Two implementation of auditing, there were more. We were using this to figure out how each behaves on different operating systems and drives to make sure we are using the fastest implementation by default on all platforms.
single opens the file once and uses that for reading from multiple threads.
rayon opens files as many times as there are farming threads and for each thread uses that dedicates file handle. rayon is the library we use for multi-threading stuff.
On Linux both perform similarly with small edge to rayon, Windows is problematic and rayon is MUCH faster there (your machine is likely much faster than old-ish machine I used for benches there, so you see even bigger performance gap). This allowed us to get rid of memory-mapped I/O and get even better performance on Windows and get some speed-up on other OSs too.
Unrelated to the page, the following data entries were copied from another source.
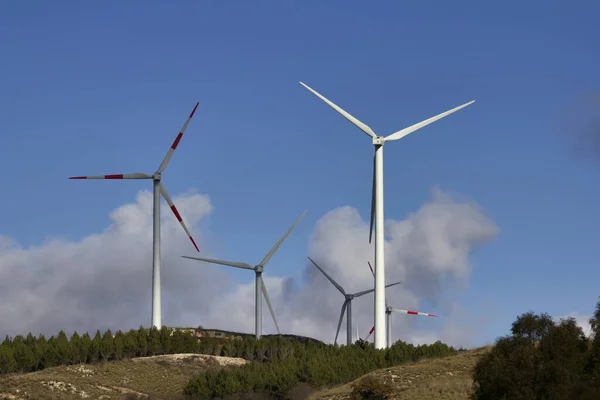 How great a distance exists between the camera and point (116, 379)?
152375mm

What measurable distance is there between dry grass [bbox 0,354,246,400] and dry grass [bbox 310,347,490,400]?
3710cm

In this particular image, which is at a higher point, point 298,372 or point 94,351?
point 94,351

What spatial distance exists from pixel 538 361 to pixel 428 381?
84.5 feet

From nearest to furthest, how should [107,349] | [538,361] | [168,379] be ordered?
[538,361] < [168,379] < [107,349]

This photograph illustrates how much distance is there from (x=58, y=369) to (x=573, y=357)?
91.7 meters

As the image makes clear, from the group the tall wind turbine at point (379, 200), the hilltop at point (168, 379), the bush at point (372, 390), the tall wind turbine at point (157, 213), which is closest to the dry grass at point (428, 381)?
the hilltop at point (168, 379)

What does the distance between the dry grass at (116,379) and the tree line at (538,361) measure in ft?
208

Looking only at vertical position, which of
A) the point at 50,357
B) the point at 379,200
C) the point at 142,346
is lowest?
the point at 50,357

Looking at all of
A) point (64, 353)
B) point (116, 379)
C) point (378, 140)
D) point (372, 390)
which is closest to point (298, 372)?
point (116, 379)

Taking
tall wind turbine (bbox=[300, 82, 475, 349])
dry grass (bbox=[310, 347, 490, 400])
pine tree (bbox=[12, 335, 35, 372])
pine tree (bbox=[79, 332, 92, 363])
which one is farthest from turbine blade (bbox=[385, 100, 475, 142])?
pine tree (bbox=[12, 335, 35, 372])

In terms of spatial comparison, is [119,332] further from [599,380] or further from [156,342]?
[599,380]

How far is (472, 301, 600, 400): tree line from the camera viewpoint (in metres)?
83.6

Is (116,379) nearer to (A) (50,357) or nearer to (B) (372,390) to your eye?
(A) (50,357)

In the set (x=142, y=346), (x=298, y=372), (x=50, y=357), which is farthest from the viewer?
(x=142, y=346) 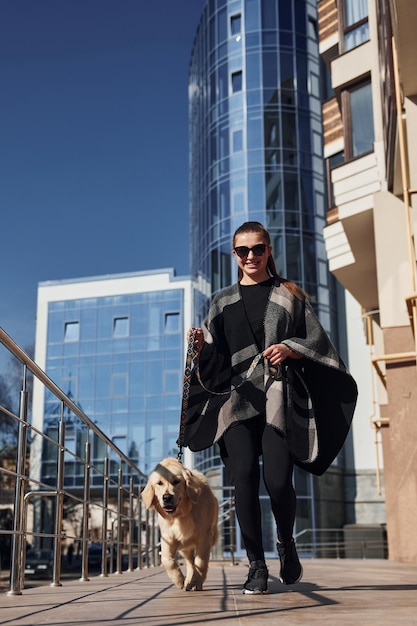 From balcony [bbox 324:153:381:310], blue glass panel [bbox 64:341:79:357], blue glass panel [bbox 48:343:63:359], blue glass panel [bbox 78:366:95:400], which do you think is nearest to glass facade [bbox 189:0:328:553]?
blue glass panel [bbox 78:366:95:400]

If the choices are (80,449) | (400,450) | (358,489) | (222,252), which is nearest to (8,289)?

rayon is currently the default, there might be other options added in the future.
You should be able to audit well within 1s window because farmer receives a new challenge every second (1s is our slot time).
Generally you look at throughput and that will tell you how big should that SSD be for you to not be able to audit it quickly enough. Both CPU and disk performance impacts that, so if you add a second disk of the same size, the time will not necessarily increase 2x, it will likely have much less impact. It still gives you an idea about performance.
If you have high-end NVMe 4.0 or 5.0 SSD (or RAM disk) you can use this as an auditing CPU benchmark since SSD will no longer be your bottleneck.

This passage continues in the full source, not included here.